→ **Task directions**
Write the listing below out again exactly, dropping the images.

→ **Material for this exercise**
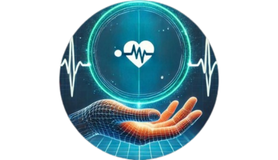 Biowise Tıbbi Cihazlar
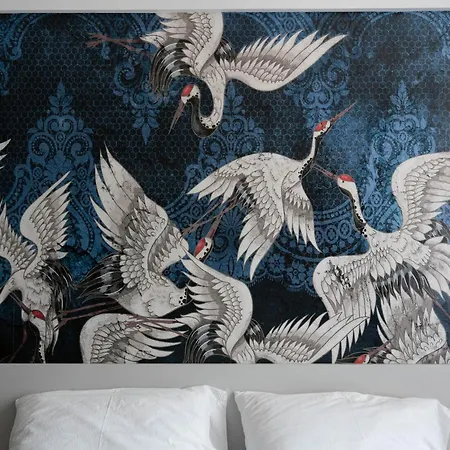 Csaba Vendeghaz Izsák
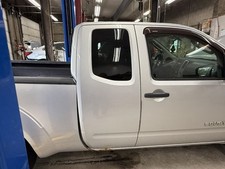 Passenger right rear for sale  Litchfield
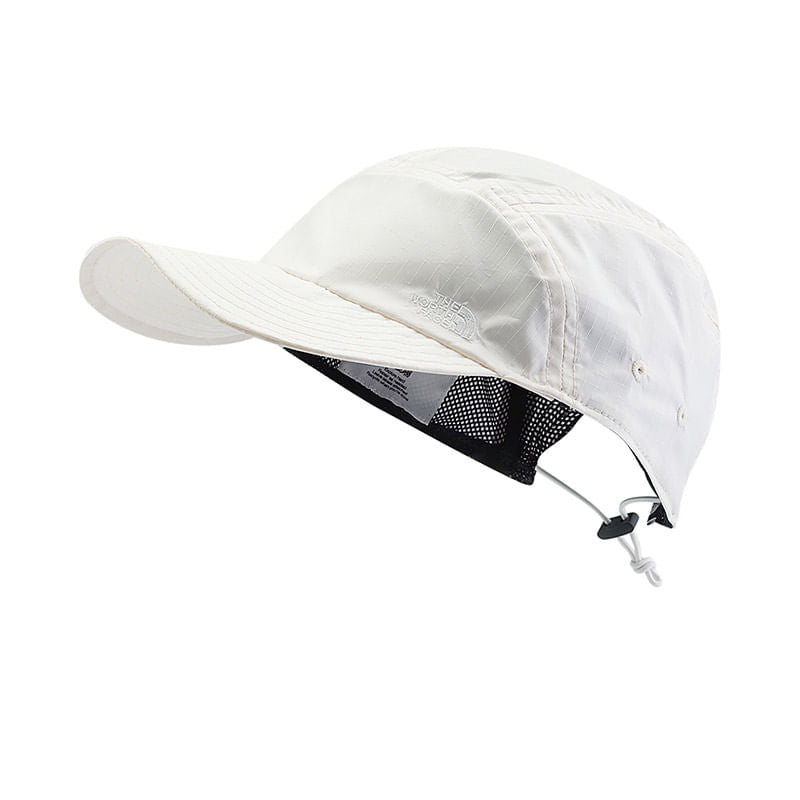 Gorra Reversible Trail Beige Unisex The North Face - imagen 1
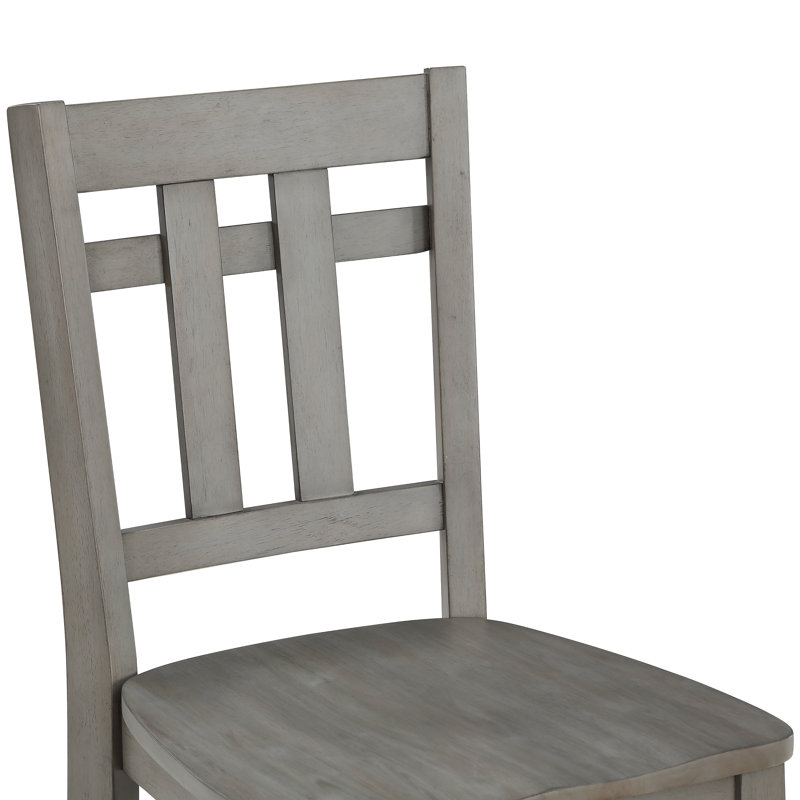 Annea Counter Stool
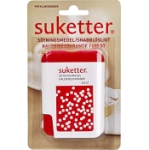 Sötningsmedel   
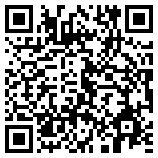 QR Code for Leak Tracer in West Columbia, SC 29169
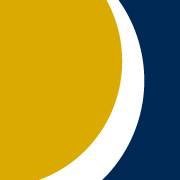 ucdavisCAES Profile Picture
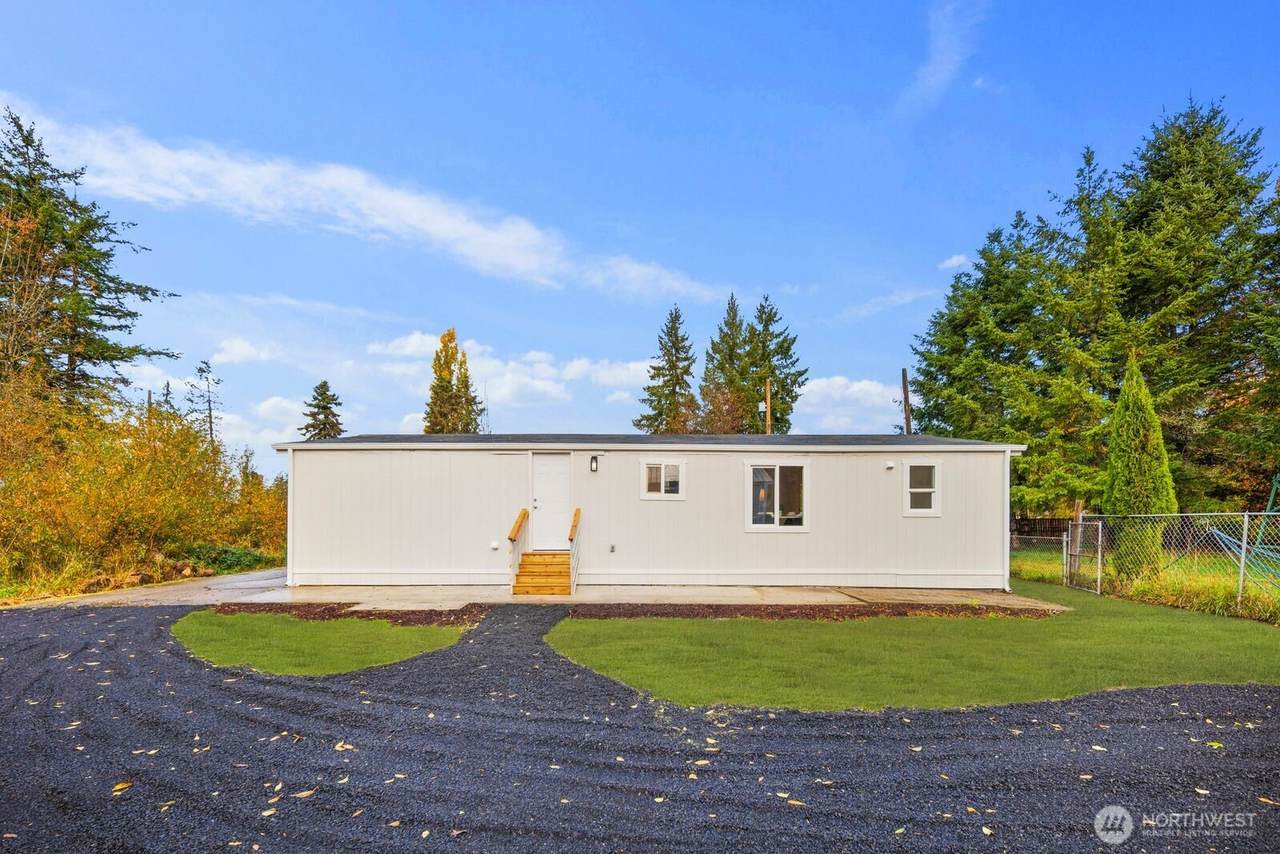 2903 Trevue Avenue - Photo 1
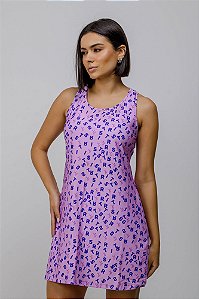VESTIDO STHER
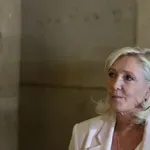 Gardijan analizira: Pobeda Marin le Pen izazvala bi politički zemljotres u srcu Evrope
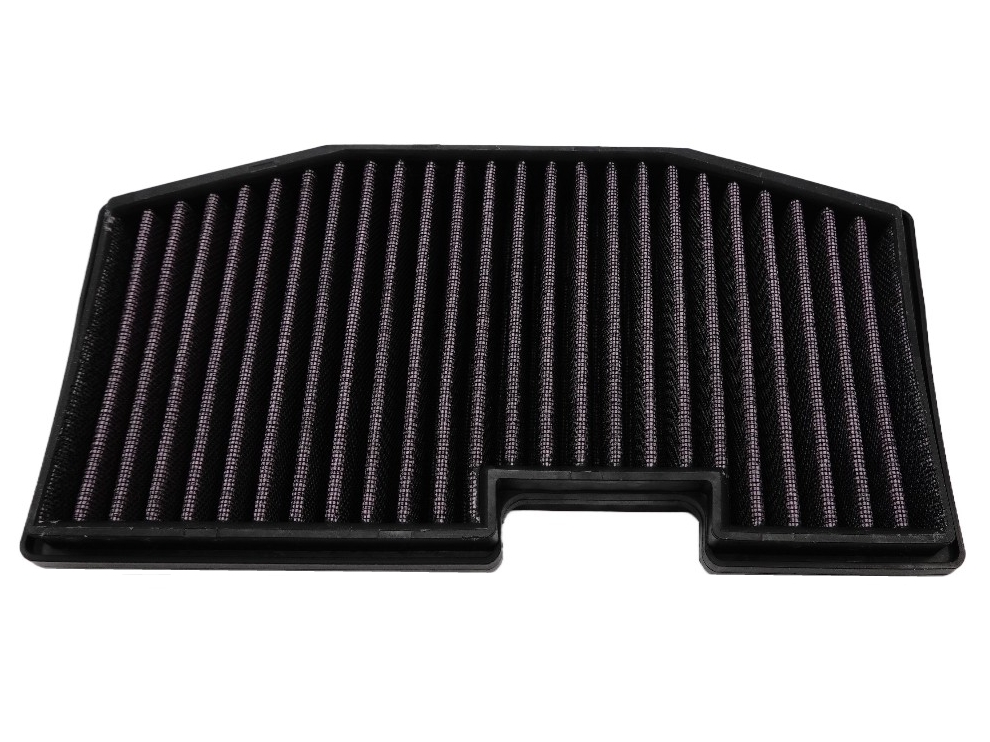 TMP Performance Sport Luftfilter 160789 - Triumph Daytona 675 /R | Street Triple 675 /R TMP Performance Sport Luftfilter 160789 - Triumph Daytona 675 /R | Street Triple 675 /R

→ **Answer section**
 Biowise Tıbbi Cihazlar
 Csaba Vendeghaz Izsák
 Passenger right rear for sale  Litchfield
 Gorra Reversible Trail Beige Unisex The North Face - imagen 1
 Annea Counter Stool
 Sötningsmedel   
 QR Code for Leak Tracer in West Columbia, SC 29169
 ucdavisCAES Profile Picture
 2903 Trevue Avenue - Photo 1
VESTIDO STHER
 Gardijan analizira: Pobeda Marin le Pen izazvala bi politički zemljotres u srcu Evrope
 TMP Performance Sport Luftfilter 160789 - Triumph Daytona 675 /R | Street Triple 675 /R TMP Performance Sport Luftfilter 160789 - Triumph Daytona 675 /R | Street Triple 675 /R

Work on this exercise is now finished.